──────── Collected data

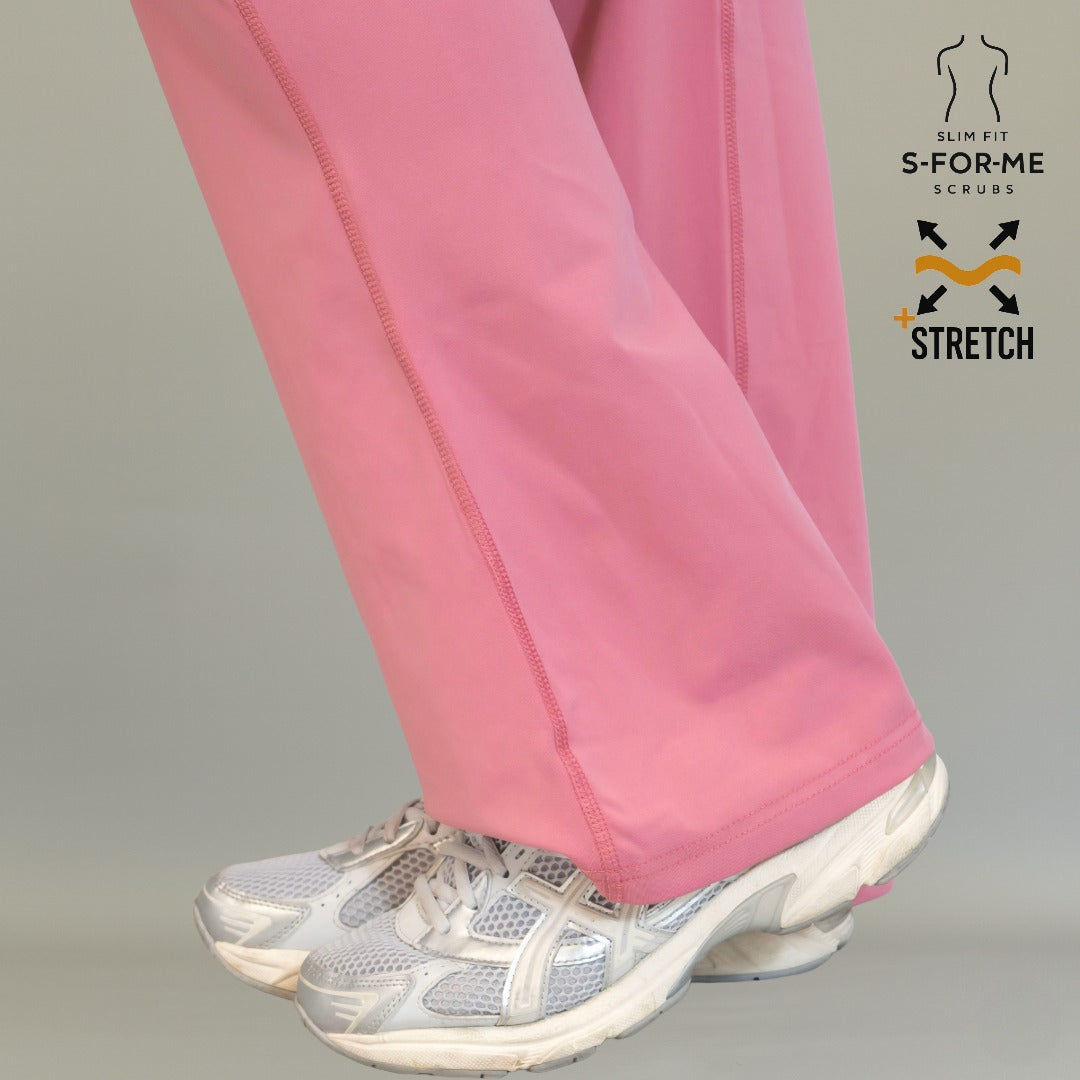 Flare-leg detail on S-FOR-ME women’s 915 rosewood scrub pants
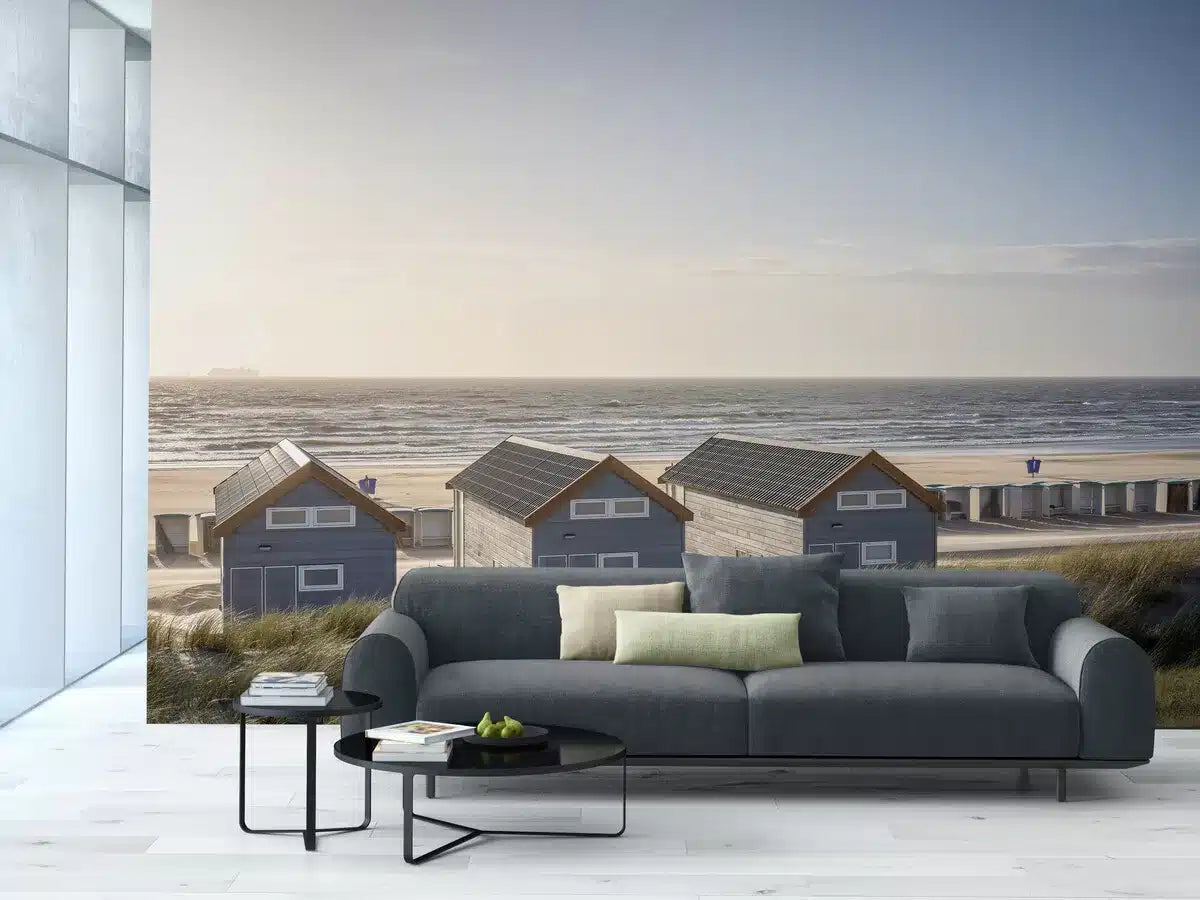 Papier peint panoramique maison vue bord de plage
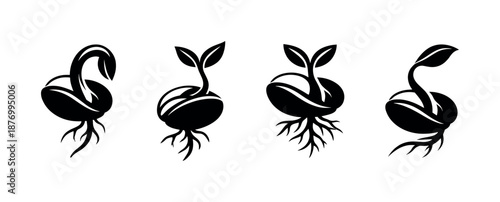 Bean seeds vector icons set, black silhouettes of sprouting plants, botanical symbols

────────────────

I would like the lines from the one with "Papier peint panoramique" through the last line of the data above retyped exactly, with pictures left out, please.

* Response to this exercise *
 Papier peint panoramique maison vue bord de plage
 Bean seeds vector icons set, black silhouettes of sprouting plants, botanical symbols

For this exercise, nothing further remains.